Jensen made it a point to become engaged in the community from the beginning, using daily walks down Massachusetts Street as a way to get to know others beyond Trinity’s 500 parishioners. From his walks, he’s met non-members he’s has both married and buried.

He also helped reach the community through the Trinity Interfaith Food Pantry. During his time, the pantry grew to help more people, including 7,000 last year, says Barry Molineux, the pantry’s volunteer coordinator.

Within the church itself, Jensen oversaw the most visual change to the church: The addition of the colonnade and the renovation of the church, which he oversaw from beginning to end.

But it was something slightly less visible, the addition of a Sunday night Solemn High Mass, that really put a stamp on things, says Father Paul McLain, Trinity’s curate, or assisting priest.

“The service involves incense, just some beautiful choral music and some of the service is chanted by the priest,” says McLain, who will take over the preaching duties until an interim rector is named. “It’s just a really beautiful service that many of the KU students and others. We have people who drive in from Kansas City just for this service, so it’s been a remarkable outreach to the community and an unusual offering for a service that has so many ancient components in it.”

And Jensen is proud that the service has managed to engage the younger set without resorting to the rock n’ roll route.

“Lots of churches in Lawrence do contemporary worship and that’s wonderful, but this is a 150-year-old downtown church that looks like an old English church and we have a fantastic organ and a wonderful choral tradition and we know what we can do best. And it’s not contemporary,” Jensen says. “And so we wanted to have this distinct offering.”

Personal dimension

Jensen says he may bring a solemn high mass to his new church in Arkansas, which boasts the governor as a parishioner, but he says only time will tell — he wants to do what’s right by the congregation.

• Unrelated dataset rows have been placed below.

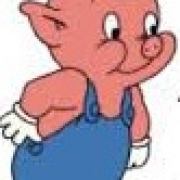 Bror Duktig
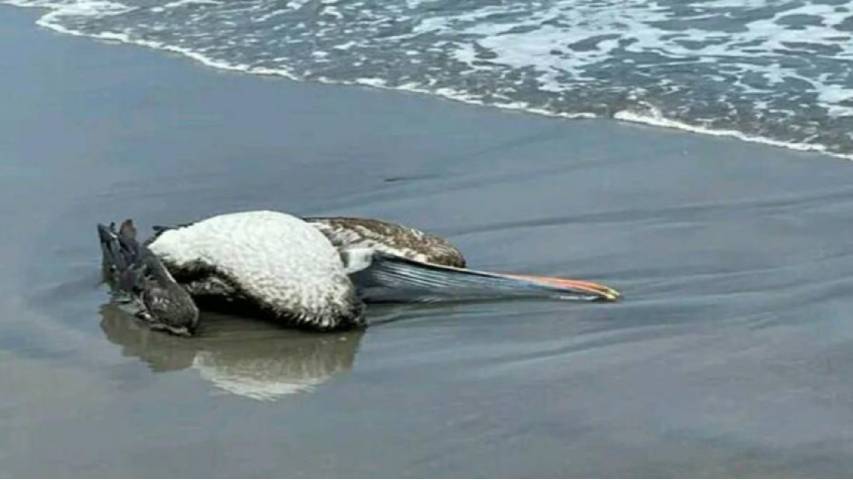 Recomiendan evitar contacto con aves silvestres ante alerta de gripe aviar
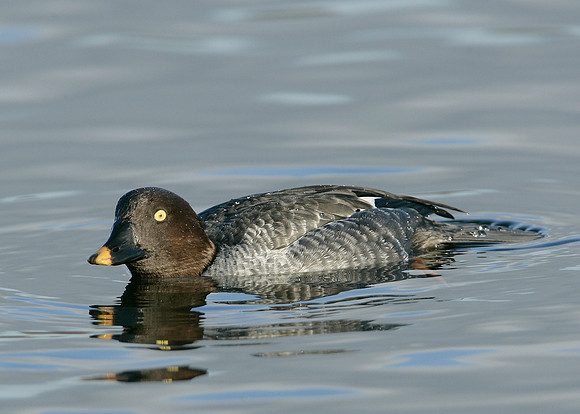Goldeneye Bucephala clangula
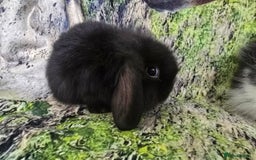 Mini Lop rabbits for sale: Beautiful Mini Lop Baby Rabbits - Image 8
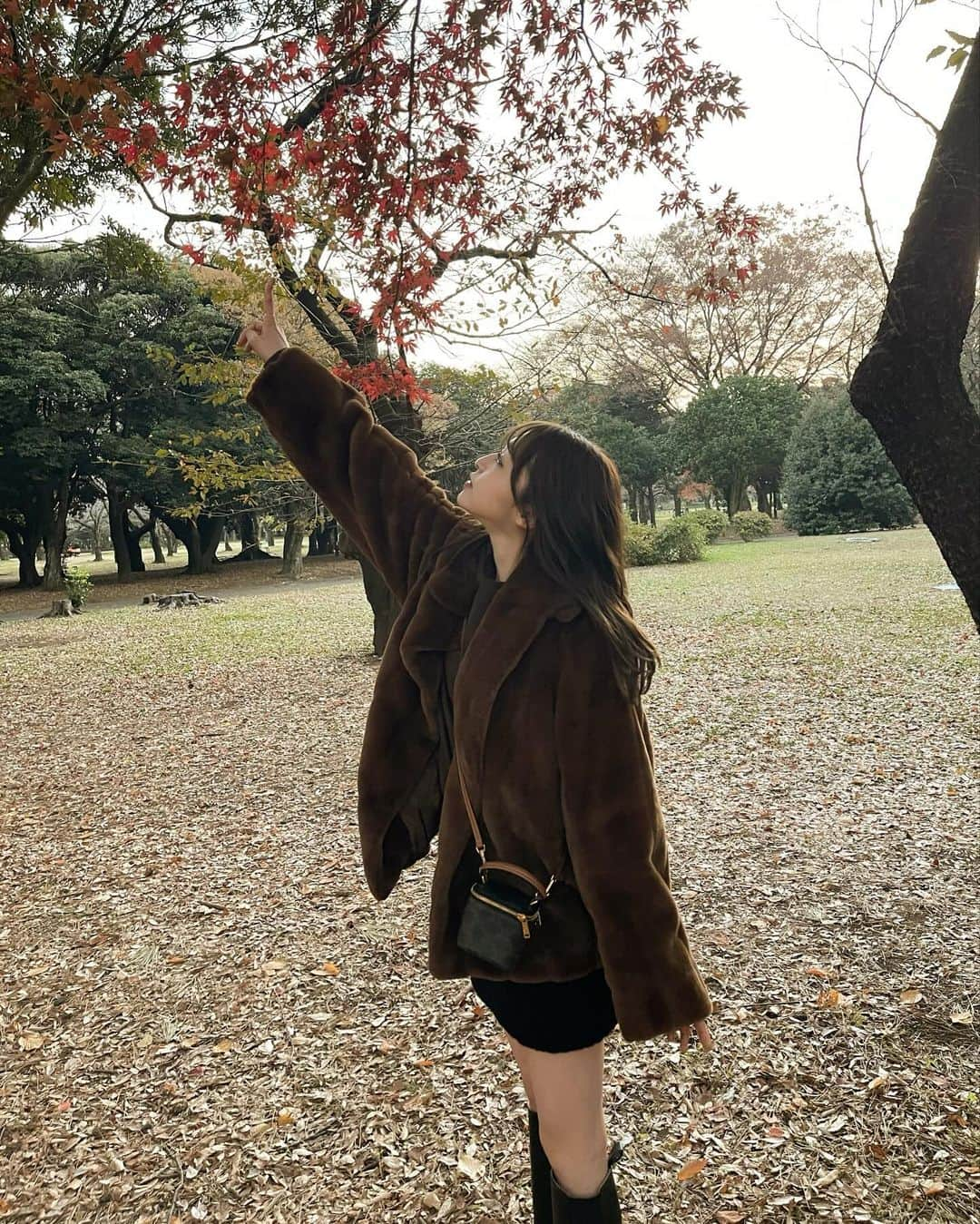 上西星来さんのインスタグラム写真 - (上西星来Instagram)「Autumn〜🍂」11月27日 21時00分 - seira_jonishi_tpd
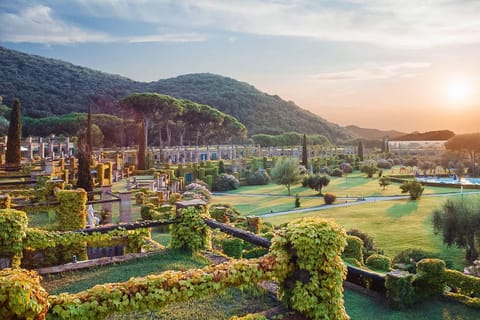 Natural landscape, Garden view, Mountain view, Sunset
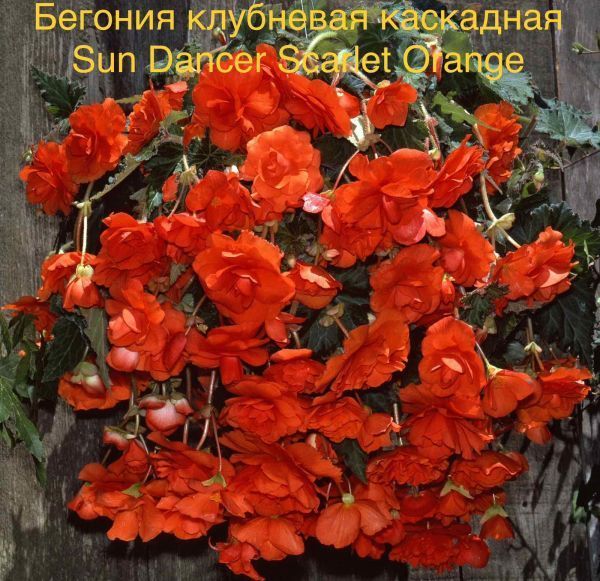 Бегония клубневая каскадная Sun Dancer Scarlet Orange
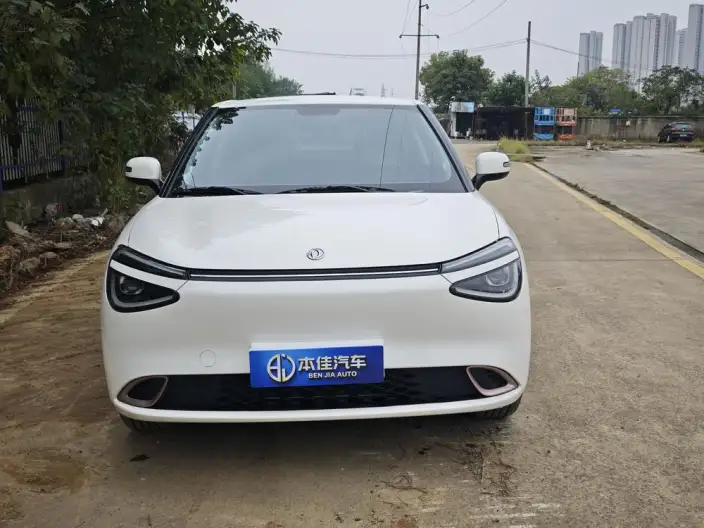 Dongfeng Nano 01 2025 Model 330km Youth Edition – фото 2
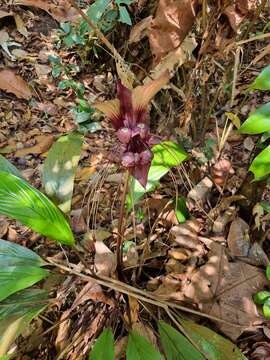 Image of Tacca integrifolia Ker Gawl.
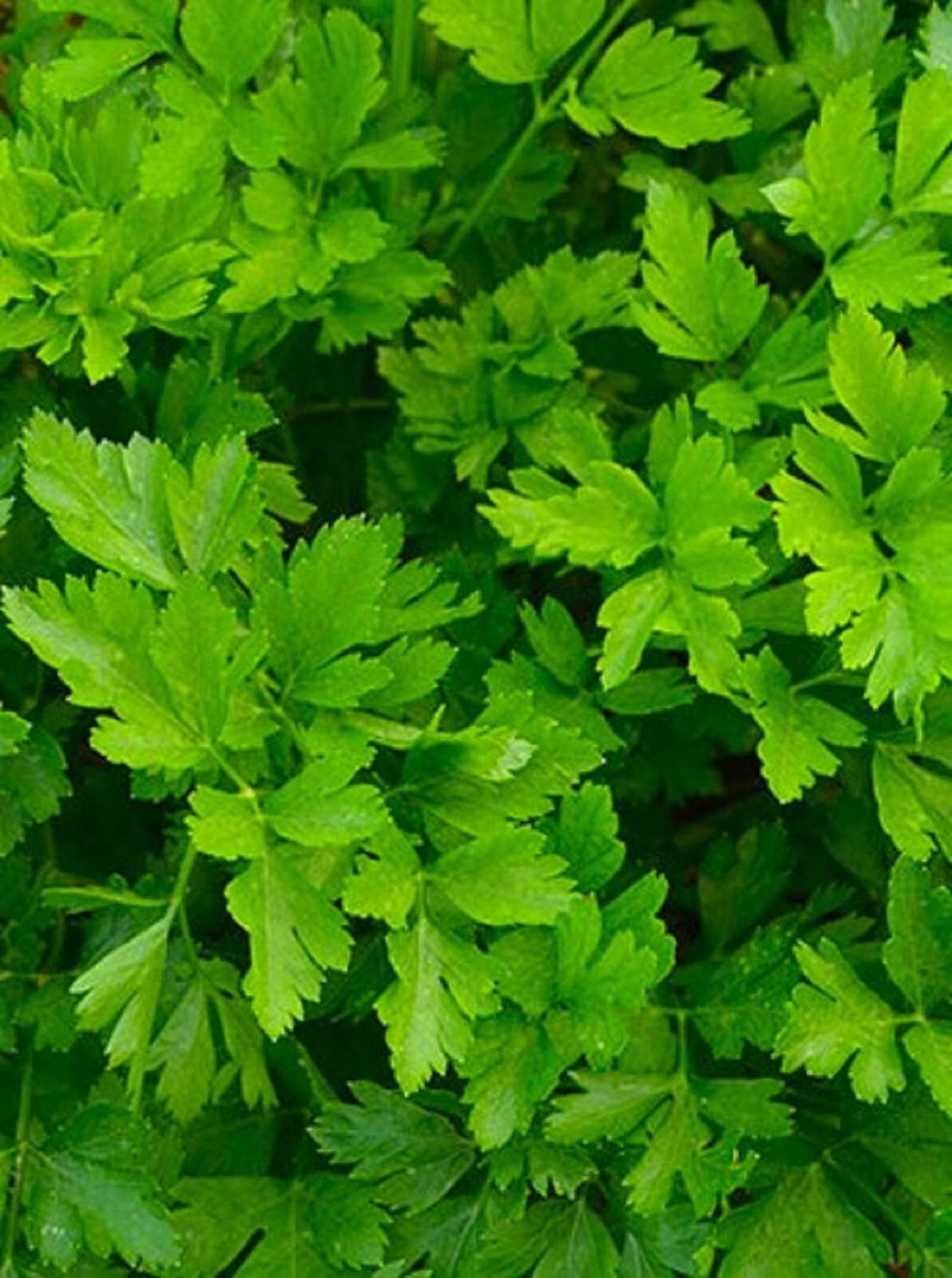 Giant of Italy Parsley Seed 500+ SEEDS NON-GMO–BUY 4 ITEMS FREE SHIPPING
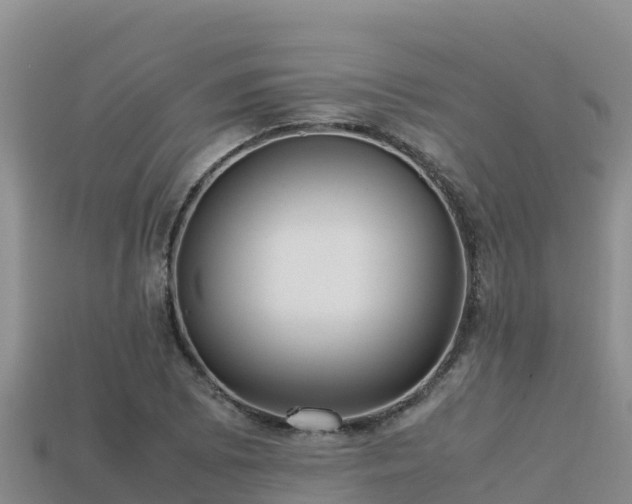 X0000113221073200909171550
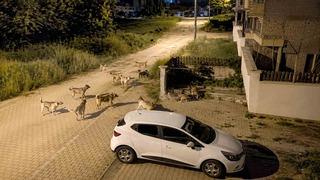 Bolu’da köpek sürüsü tedirginliği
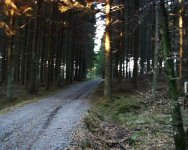 20031206__Asen_rundan_8.jpg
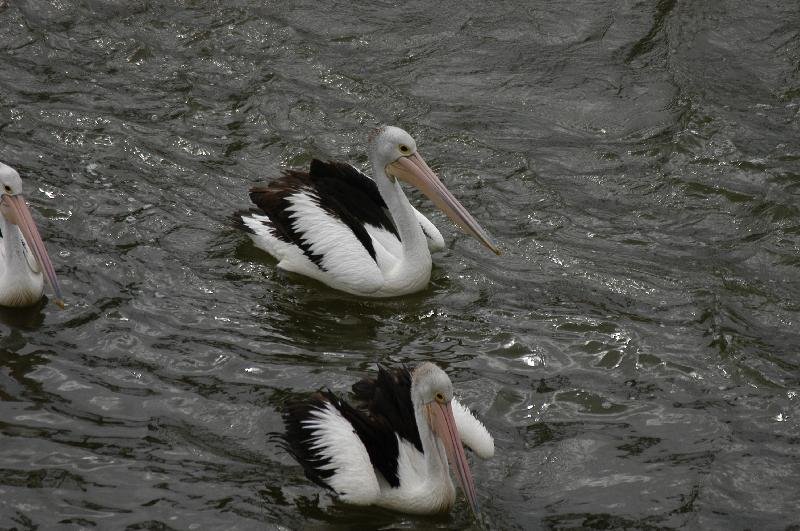 Australian_Pelican__Pelecanus_conspicillatus__011.jpg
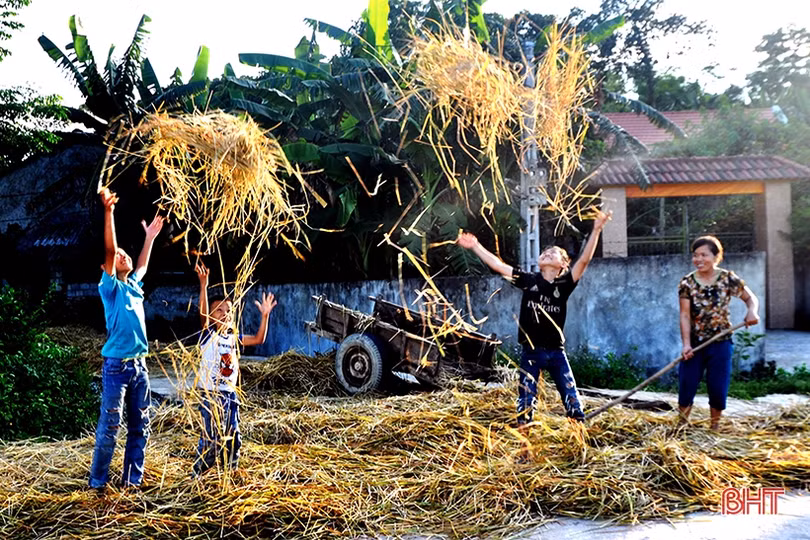 Niềm vui mùa gặt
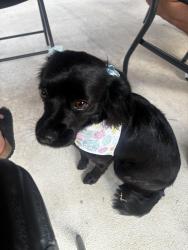 Reunited Female Dog last seen Hobbs Rd, Mary Ln, or Patagonia St, Dickinson, TX 77539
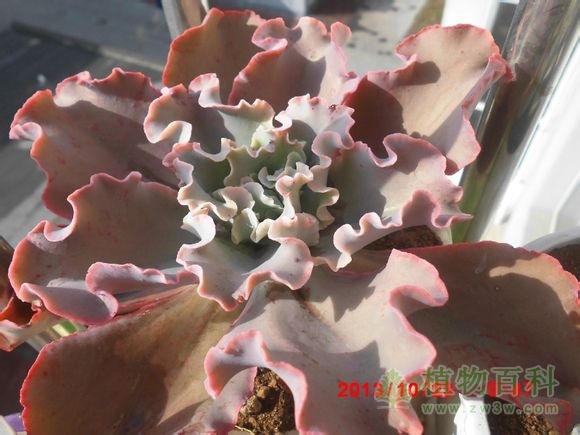 (高砂之翁) bet365365体育
-网友自拍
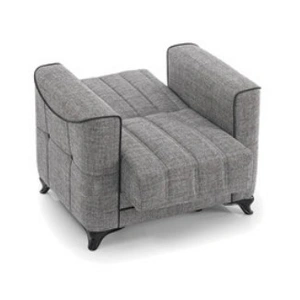 Casamode Ace Polyester Convertible Storage Chair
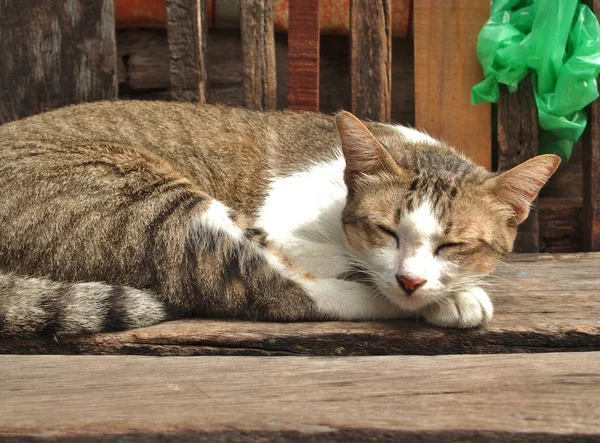 Sleeping cat — Stock Photo, Image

He says the reason he chose to take the job at in Little Rock was because it was a way for him to go back to his Southern roots while achieving a goal: To be the dean of an Episcopal cathedral.

“I guess everybody has a dream job,” says Jensen, who has been a priest for 13 years. “I just imagined … the most amazing thing to do would be to be the dean of a cathedral and preferably what I knew in the South.”

Boshears, who has known Jensen now for more than a decade, has no doubt the people there are lucky to have him.

“He’s just an excellent priest and in so many ways,” Boshears says. “When I really needed a priest, he was there for me. And I think that’s probably been the experience of a lot of others as well.”